Estimation of Radiative Corrections to the Process of Muon-Electron Conversion

TL;DR

This paper calculates radiative corrections to muon-electron conversion, showing a 10% reduction in probability and describing how soft photon emission affects the electron energy spectrum.

Contribution

It provides a detailed estimation of radiative corrections, including soft photon emission below 1.5 MeV, for the muon-electron conversion process.

Findings

Radiative corrections reduce the conversion probability by about 10%.

Soft photon emission creates a low energy tail in the electron spectrum.

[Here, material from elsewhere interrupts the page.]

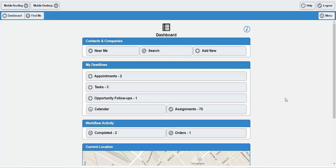Hi, this is Chris with Swift Mobile, and I'm going to walk you through the dashboard and the interface for Swift Mobile, give you an idea of how it works, how it functions, and hopefully give you an idea of what to expect from the product.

Average energy of emitted soft photons is approximately 40 keV.

Abstract

In detection of electrons from $\mu \to e $ conversion process the monochromatic electron spectrum is transformed due to a photon emission and fluctuations of energy loss in a target. The selection criterion of $\mu \to e (\gamma)$ conversion events is an electron momentum above the threshold momentum of 103.5 MeV/c, which corresponds to the maximum energy loss of 1.5 MeV. Radiative corrections including a virtual photon correction and soft photon emission below 1.5 MeV lead to a reduction by about 10% in the probability of $\mu \to e $ conversion process calculated without radiative corrections. The soft photons emission below 1.5 MeV contributes to a change of electron spectrum from monoenergetic one at 105 MeV to a spectrum with a low energy tail for the process of $\mu \to e (\gamma)$ conversion. However the effect of smearing of the initial momentum distribution due to the soft photon emission is small in comparison with a smearing due to energy loss fluctuations in a target. The average energy of soft photons emitted below 1.5 MeV is found to be 40 keV. The soft photon approximation is a good description for $\mu \to e (\gamma)$ conversion process with photons emitted below 1.5 MeV.